Stored data
----

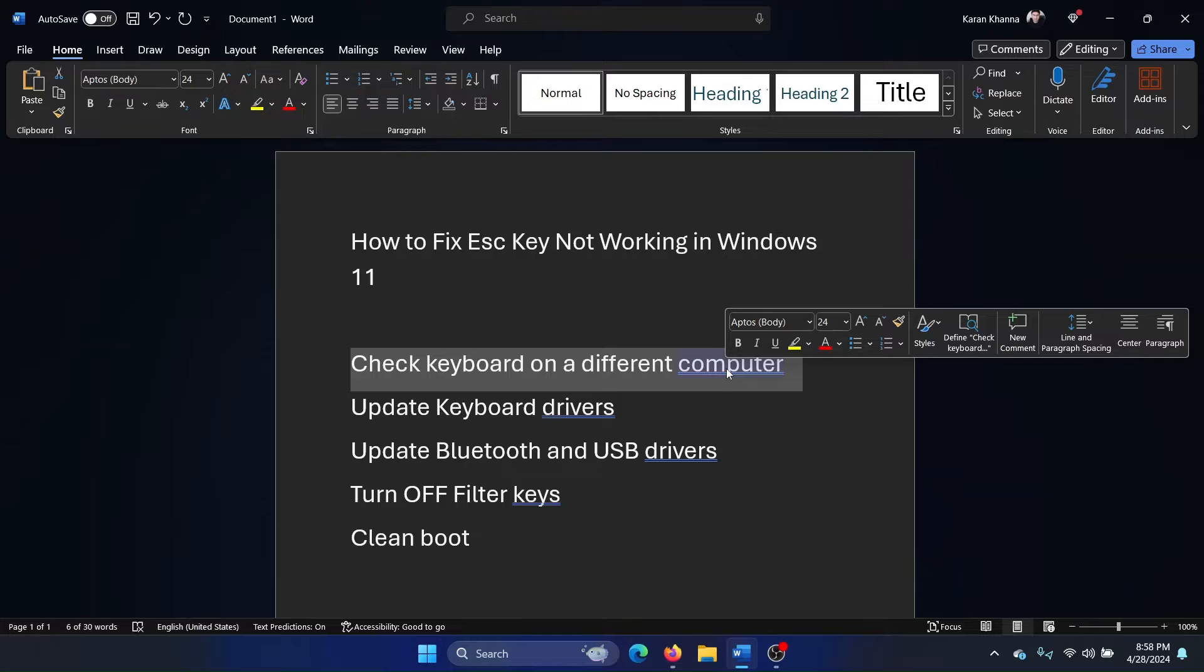But the Escape key has nothing like that. So if the Escape key is not working, please check the keyboard hardware by connecting that external keyboard to a different computer. If it works, then we will try the rest of the troubleshooting.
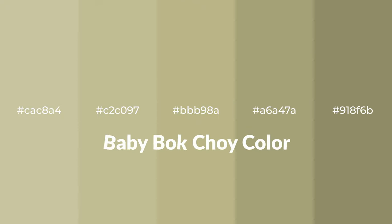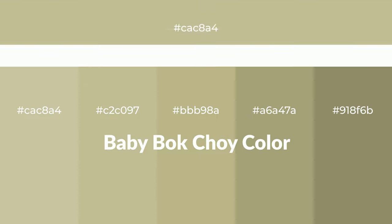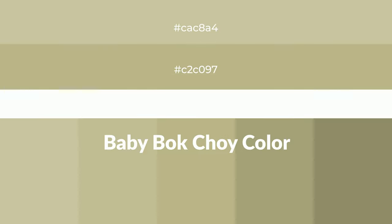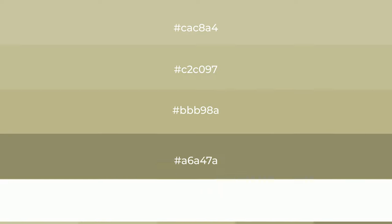Warm shades of baby bok choy color with green hue for your next project. To generate tints of a color, we add white to the color, and tints create light and exquisite emotions.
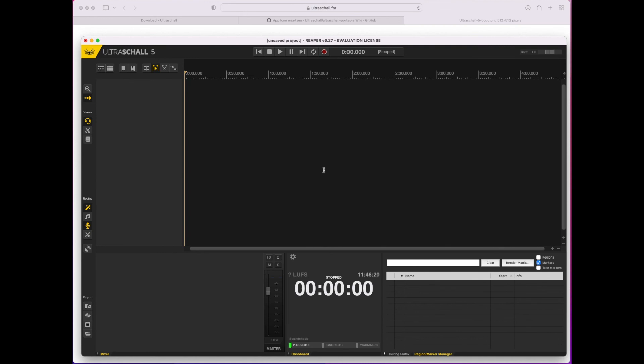Now you can record your very first episode, and I'll show you how to do that in the next video. Thank you for watching. Goodbye.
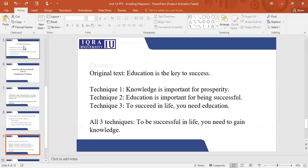Whenever you read something, the concepts should be clear to you. For example, there is an example here where the original statement is 'education is the key to success.' In the first paraphrase, they have written 'knowledge is important for prosperity.' It says the same thing, the idea is the same, but they have rephrased it. Another version is 'education is important for being successful.' Again, the meaning is the same, the length is the same, and the words have been changed.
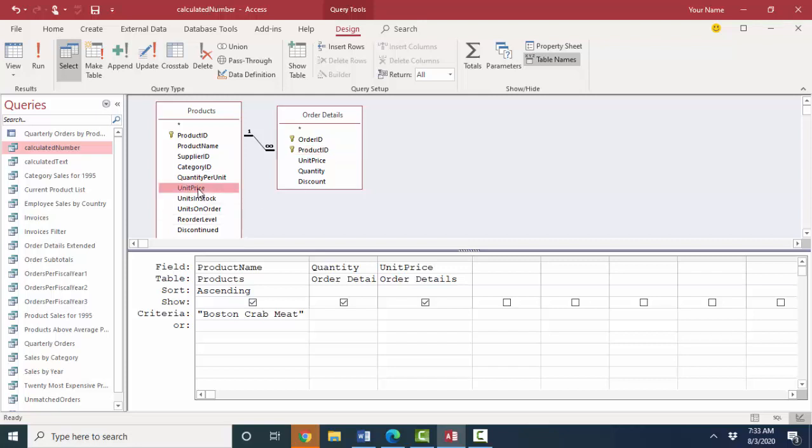This however, having a unit price field in both the products table and the order details table where that field is not used for the relationship, that is not very common. And it's also unclear because it does not represent the same data.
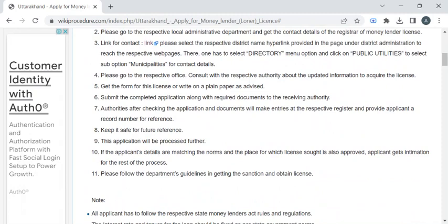verification done. Once the verification process gets completed, the department authorities will be notifying you through SMS or email to collect your license. Now we are at the end of the video. If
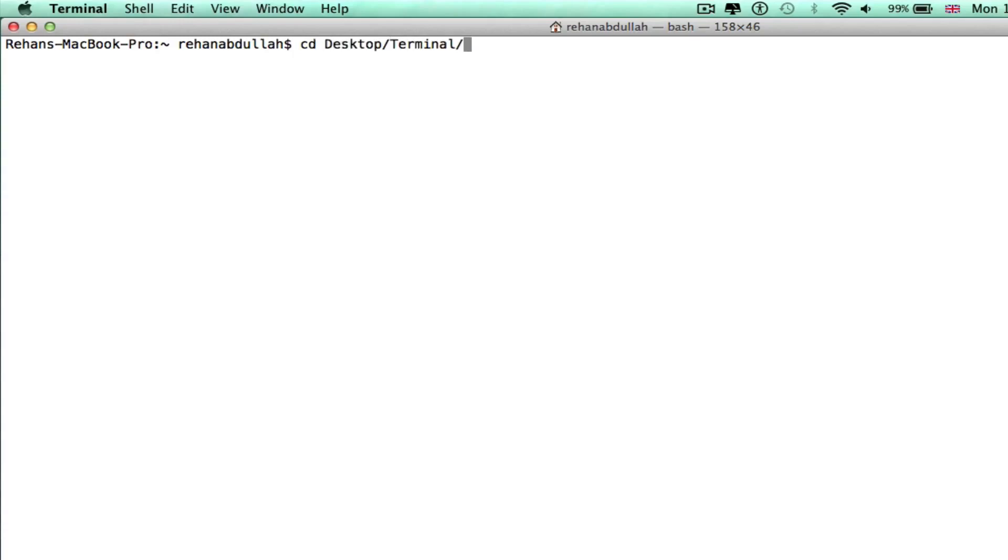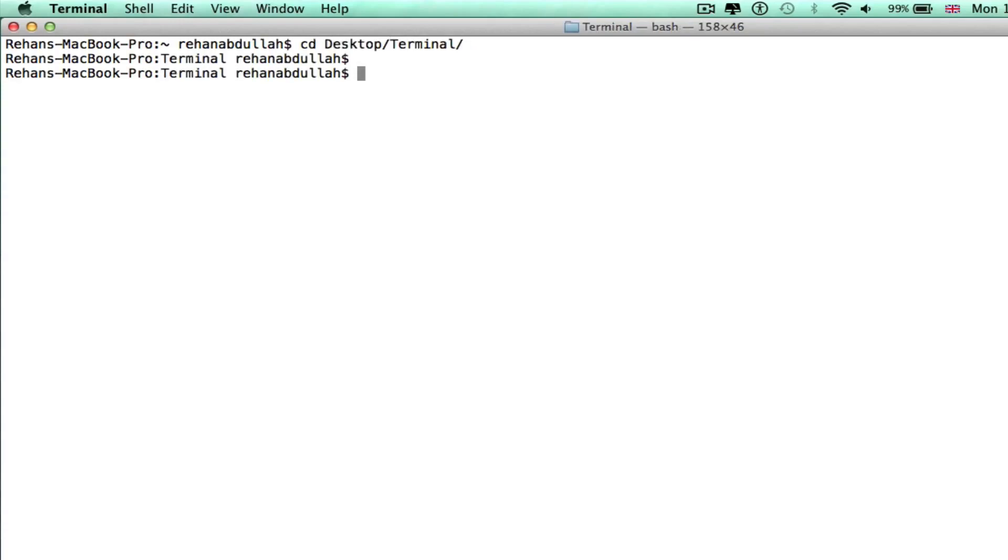Okay, cd desktop terminal. What do we have in that folder or directory?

----

**What you have to do:**
Nothing but the lines from the one containing "verification done. Once" through the last line of the records should appear in the copy, exactly as written and without pictures.

**Output of the task:**
verification done. Once the verification process gets completed, the department authorities will be notifying you through SMS or email to collect your license. Now we are at the end of the video. If
Okay, cd desktop terminal. What do we have in that folder or directory?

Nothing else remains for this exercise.